Wednesday, March 25, 2015

Interview with Mahogany L. Browne of Black Poets Speak Out


Finalist for the 2015 Freedom Plow Award for Poetry & Activism


The Freedom Plow Award for Poetry & Activism, sponsored by the CrossCurrents Foundation, recognizes and honors a poet who is doing innovative and transformative work at the intersection of poetry and social change. The award, judged this year by Sheila Black, Martha Collins, and E. Ethelbert Miller, is being given for the second time in 2015. 

Tickets now on sale! Join us on April 2, at the Arts Club of Washington, as we honor Mark Nowak for his work establishing "poetry dialogues" among workers around the globe.

ABOUT BLACK POETS SPEAK OUT

Jonterri Gadson, Amanda Johnston, Mahogany L. Browne
What started as a conversation between Cave Canem fellows Amanda Johnston, Mahogany L. Browne, Jonterri Gadson, and Sherina Rodriguez-Sharpe, Black Poets Speak Out (BPSO) is a poetry collective and movement that began as a hashtag video campaign housed on Tumblr, featuring hundreds of videos from Black poets reading in response to the November 24 grand jury decision not to indict Darren Wilson, the police officer who murdered Michael Brown. 

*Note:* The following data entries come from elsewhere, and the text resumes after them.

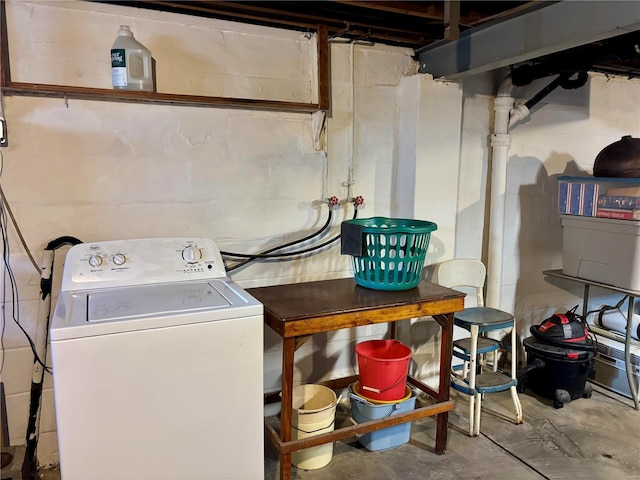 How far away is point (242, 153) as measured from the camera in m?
2.40

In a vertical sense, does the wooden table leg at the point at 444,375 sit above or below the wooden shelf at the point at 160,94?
below

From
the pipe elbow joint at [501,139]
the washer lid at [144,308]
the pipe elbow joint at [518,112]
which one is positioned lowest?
the washer lid at [144,308]

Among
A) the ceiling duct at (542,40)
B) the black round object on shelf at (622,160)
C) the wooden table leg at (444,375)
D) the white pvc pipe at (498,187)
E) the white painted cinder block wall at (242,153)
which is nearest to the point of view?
the ceiling duct at (542,40)

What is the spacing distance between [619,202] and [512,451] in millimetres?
1471

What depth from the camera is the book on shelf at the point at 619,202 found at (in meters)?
2.62

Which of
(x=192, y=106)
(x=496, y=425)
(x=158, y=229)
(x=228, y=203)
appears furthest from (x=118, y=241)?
(x=496, y=425)

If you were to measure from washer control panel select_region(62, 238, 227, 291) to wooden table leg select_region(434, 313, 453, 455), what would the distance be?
108 centimetres

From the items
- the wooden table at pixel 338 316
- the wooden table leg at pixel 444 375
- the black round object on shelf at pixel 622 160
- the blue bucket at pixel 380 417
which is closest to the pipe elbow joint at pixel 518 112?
the black round object on shelf at pixel 622 160

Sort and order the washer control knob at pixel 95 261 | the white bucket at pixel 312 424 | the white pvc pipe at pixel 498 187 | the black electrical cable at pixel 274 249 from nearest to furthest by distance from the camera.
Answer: the washer control knob at pixel 95 261 < the white bucket at pixel 312 424 < the black electrical cable at pixel 274 249 < the white pvc pipe at pixel 498 187

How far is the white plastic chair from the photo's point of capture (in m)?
2.53

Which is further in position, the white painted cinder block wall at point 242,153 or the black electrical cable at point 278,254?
the black electrical cable at point 278,254

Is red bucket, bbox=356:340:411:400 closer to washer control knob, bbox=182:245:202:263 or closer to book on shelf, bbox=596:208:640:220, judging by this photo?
washer control knob, bbox=182:245:202:263

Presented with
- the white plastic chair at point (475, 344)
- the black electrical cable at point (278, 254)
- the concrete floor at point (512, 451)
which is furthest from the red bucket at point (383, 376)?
the black electrical cable at point (278, 254)

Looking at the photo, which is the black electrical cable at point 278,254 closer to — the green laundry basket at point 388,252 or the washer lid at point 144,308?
the green laundry basket at point 388,252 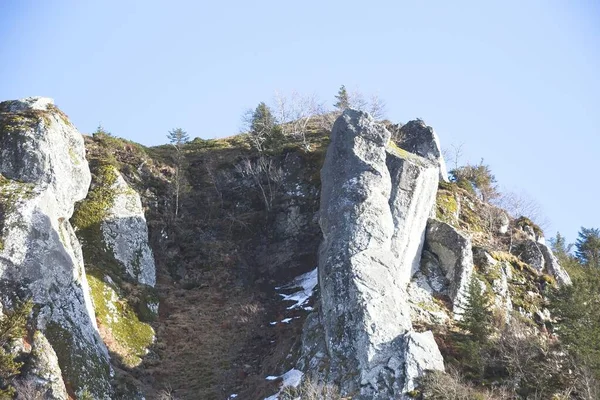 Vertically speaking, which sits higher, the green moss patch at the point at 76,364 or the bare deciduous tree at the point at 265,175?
the bare deciduous tree at the point at 265,175

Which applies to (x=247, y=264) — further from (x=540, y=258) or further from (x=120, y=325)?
(x=540, y=258)

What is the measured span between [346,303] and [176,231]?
21.3 m

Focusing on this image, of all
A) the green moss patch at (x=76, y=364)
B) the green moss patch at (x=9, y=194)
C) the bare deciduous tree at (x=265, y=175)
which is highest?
the bare deciduous tree at (x=265, y=175)

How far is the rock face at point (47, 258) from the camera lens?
103ft

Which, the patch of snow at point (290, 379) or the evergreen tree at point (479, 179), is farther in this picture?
the evergreen tree at point (479, 179)

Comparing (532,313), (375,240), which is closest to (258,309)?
(375,240)

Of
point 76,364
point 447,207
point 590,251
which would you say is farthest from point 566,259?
point 76,364

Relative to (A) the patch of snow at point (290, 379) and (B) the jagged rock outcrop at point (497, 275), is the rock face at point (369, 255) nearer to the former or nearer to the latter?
(A) the patch of snow at point (290, 379)

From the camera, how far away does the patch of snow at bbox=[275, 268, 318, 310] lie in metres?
43.1

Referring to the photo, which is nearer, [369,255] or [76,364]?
[76,364]

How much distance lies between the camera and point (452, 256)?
43031 millimetres

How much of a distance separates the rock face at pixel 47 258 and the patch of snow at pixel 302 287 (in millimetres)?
14041

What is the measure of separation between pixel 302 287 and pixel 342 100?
4007cm

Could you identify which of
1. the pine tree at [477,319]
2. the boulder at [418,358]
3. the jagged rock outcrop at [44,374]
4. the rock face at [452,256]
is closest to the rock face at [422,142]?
the rock face at [452,256]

The project's purpose "is to centralize in one space hundreds of poems, songs, prayers, and testimonies speaking on behalf of black mothers, black fathers, black brothers and sisters -- thousands of voices insisting on justice. BPSO videos are a collective outcry for our black lives." 

The movement lives through several ongoing phases: 1) Black poets create and collectively house poetry videos with the mantra "I am a black poet who will not remain silent while this nation murders black people. I have a right to be angry;" 2) serve as an off-line literary protest where poets and members of the community can safely gather and share information for marching, understanding and healing; 3) tie the power of the poetic voice to civic engagement through a unique letter writing campaign, where poets and allies submit letters and poetry videos to their elected officials. The letters call for immediate action against police violence and present solutions to the President, Vice President, and Attorney General by organizers across the nation. 4) Lesson plans - available at www.poetrysociety.org.

Black Poets Speak Out uses the force of art to transform policy. 


SPLIT THIS ROCK INTERVIEWS MAHOGANY L. BROWNE

When did you first start thinking about language as a means for social change?

I began looking at my work as a tool for change in 2002 when I began working with teenage pregnant girls in group homes. Most of these young women were wards of New York State due to neglect and were initially very unimpressed with poetry. I was very aware that creative writing wouldn't save ALL of them -- but I wanted to show them a different entry into motherhood and self healing. And so my fight began.

How do you see your art as a social change agent?  

Once my students became parents that wrote poetry, college graduates that produced poetry, MFA Candidates studying poetry and authors of poetry collections -- I knew my art was not just changing my life. 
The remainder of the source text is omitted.